Rio - Os quatro maiores clubes cariocas — Flamengo, Vasco, Botafogo e Fluminense — estão endividados em R$ 2,4 bilhões. Juntos, eles respondem por 47% da dívida dos 20 maiores times do país, que chega a R$ 5,1 bilhões. O cálculo foi feito pelo consultor de marketing e gestão esportiva Amir Somoggi, com base nos balanços financeiros das equipes relativos a 2013. São valores que incluem dívidas trabalhistas e fiscais, ou seja, dinheiro que iria para os cofres públicos e seria revertido para o cidadão, como o INSS e o Imposto de Renda. Somente à Previdência, o Fluminense deve R$ 22 milhões e o Botafogo, R$ 33,8 milhões, segundo a Procuradoria Geral da Fazenda Nacional. O rombo do Flamengo e do Vasco com o INSS não consta no sistema de consulta do órgão porque eles fizeram um acordo com a Procuradoria para parcelar os valores.
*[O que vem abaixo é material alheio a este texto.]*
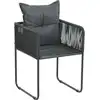 Image de vidaXL Chaises de jardin 4 pcs. avec coussins Poly rotin noir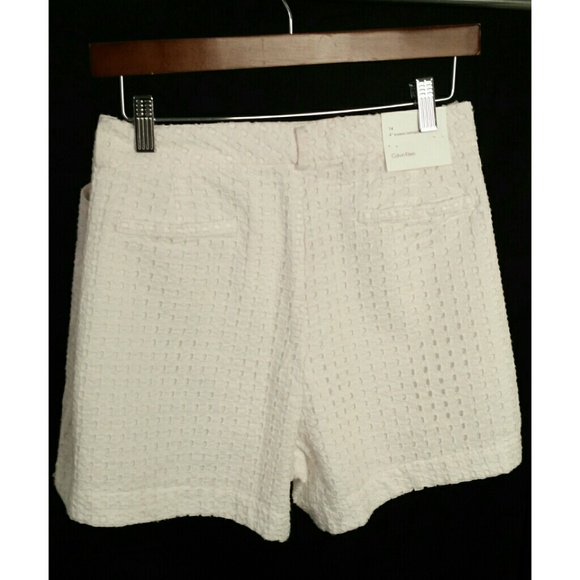 Calvin Klein Eyelet Cotton Shorts - Picture 2 of 2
A chaga dos clubes passa, de um lado, por digirentes extremamente perdulários. Como têm mandatos transitórios e não são responsabilizados por seus atos, os cartolas negligenciam as finanças e gastam dinheiro a ser recebido futuramente, principalmente em cotas de TV, prejudicando gestões futuras. “Clubes não têm dono. Os dirigentes são passageiros e isso não dói no bolso deles”, diz Eduardo Carlezzo, advogado especializado em direito desportivo . “Eles preferem montar um time forte a pagar impostos”, completa Fernando Ferreira, sócio da consultoria Pluri, especializada em futebol.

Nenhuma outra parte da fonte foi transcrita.